Phenoconversion Due to Drug-Drug Interactions in CYP2C19 Genotyped Healthy Volunteers.

Abstract

To compensate for drug response variability, drug metabolism phenotypes are determined based on the results of genetic testing, and if necessary, drug dosages are adjusted. In some cases, discrepancies between predicted and observed phenotypes (phenoconversion) may occur due to drug-drug interactions caused by concomitant medications. We conducted a prospective, exploratory study to evaluate the risk of CYP2C19 phenoconversion in genotyped healthy volunteers exposed to CYP2C19 inhibitors. Three groups of volunteers were enrolled: CYP2C19 g-RM, g-NM, and g-IM (g- for genetically predicted). All volunteers received as CYP2C19 phenotyping substrate 10 mg omeprazole (OME) alone at the control session and in co-administration with CYP2C19 inhibitors: voriconazole 400 mg and fluvoxamine 50 mg in second and third study sessions, respectively. Phenoconversion occurred in over 80% of healthy volunteers, with variations among genotypic groups, revealing distinct proportions in response to fluvoxamine and voriconazole. Statistically significant differences were observed in mean metabolic ratios between CYP2C19 intermediate metabolizers (g-IMs) with *1/*2 and *2/*17 genotypes, with the *2/*17 group exhibiting lower ratios, and distinctions were noted between genotypic groups, emphasizing the impact of genetic variations on drug metabolism.

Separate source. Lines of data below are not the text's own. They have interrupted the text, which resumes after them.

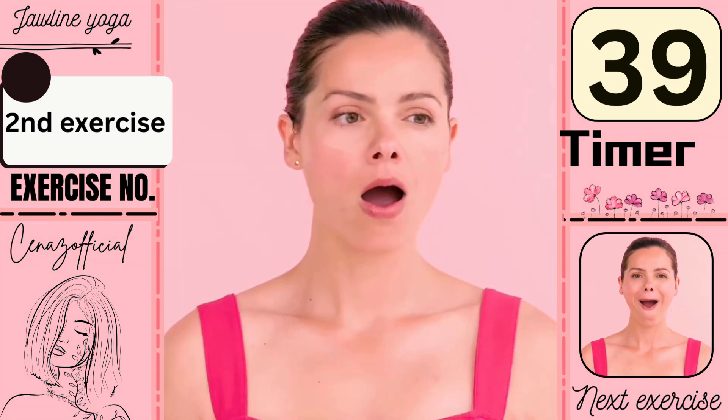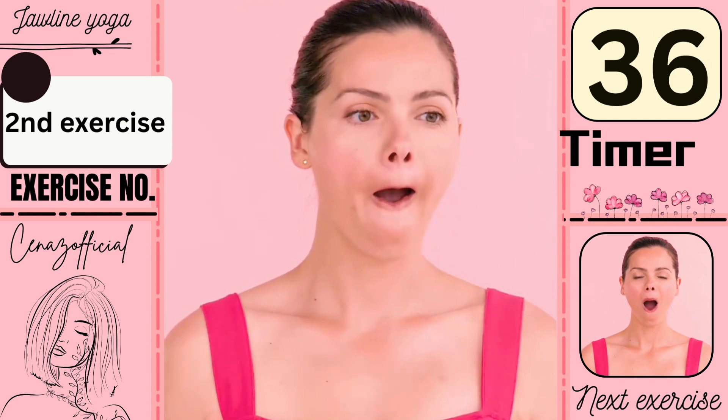Our second exercise is this, do it also for 40 seconds.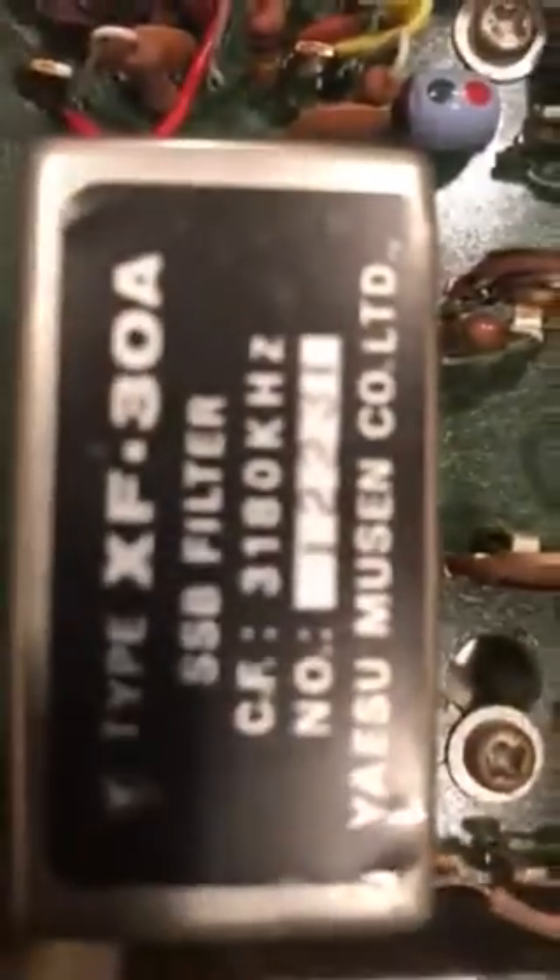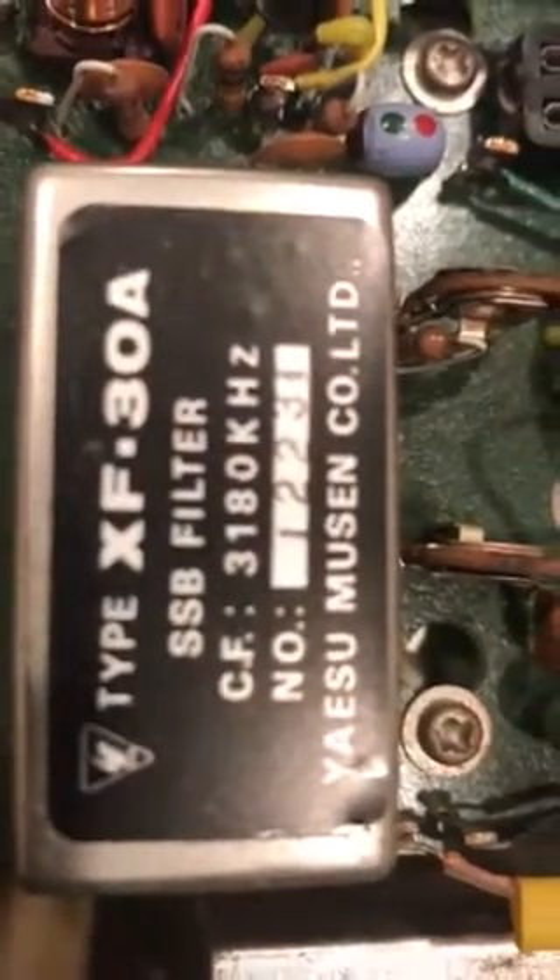Here are the crystals — if you can get a view, let me try to get some light on it. Hopefully you'll see the crystals that are in place. That's the crystals that are in there. This is one filter, but that's the SSB filter.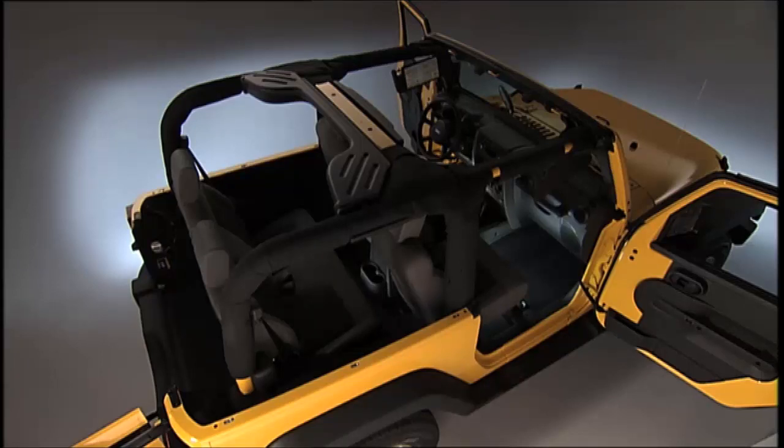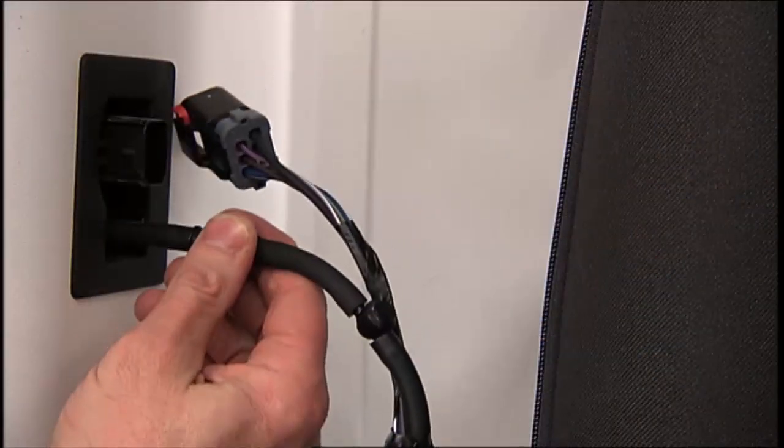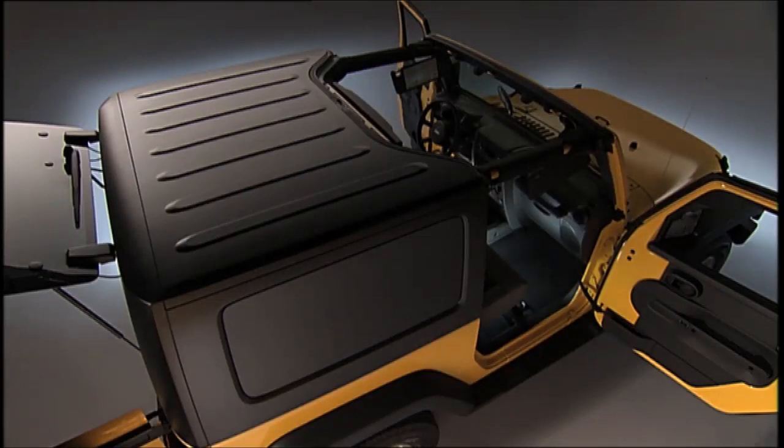Like I said earlier, an extra pair of hands is very helpful. To reinstall the hardtop, use the same steps as removal — just reverse the order. Remember though, the hardtop must be positioned properly to ensure sealing. Also make sure that the hardtop is sitting flush with the body at the sides, and check to ensure that there is a uniform gap between the lift glass and hardtop.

When reclassified according to CYP2C19 baseline-measured phenotype into p-RM, p-NM, and p-IM (p- for measured phenotype), we observed 100% phenoconversion of p-RMs and a significant phenotype switch in p-NMs, p-IMs, and p-PMs after fluvoxamine and voriconazole, and complete phenoconversion of p-IMs to p-PMs on both inhibitors, emphasizing the impact of genetic variations on the vulnerability to CYP2C19 phenoconversion and the importance of considering both genotyping and phenotyping in predicting drug response.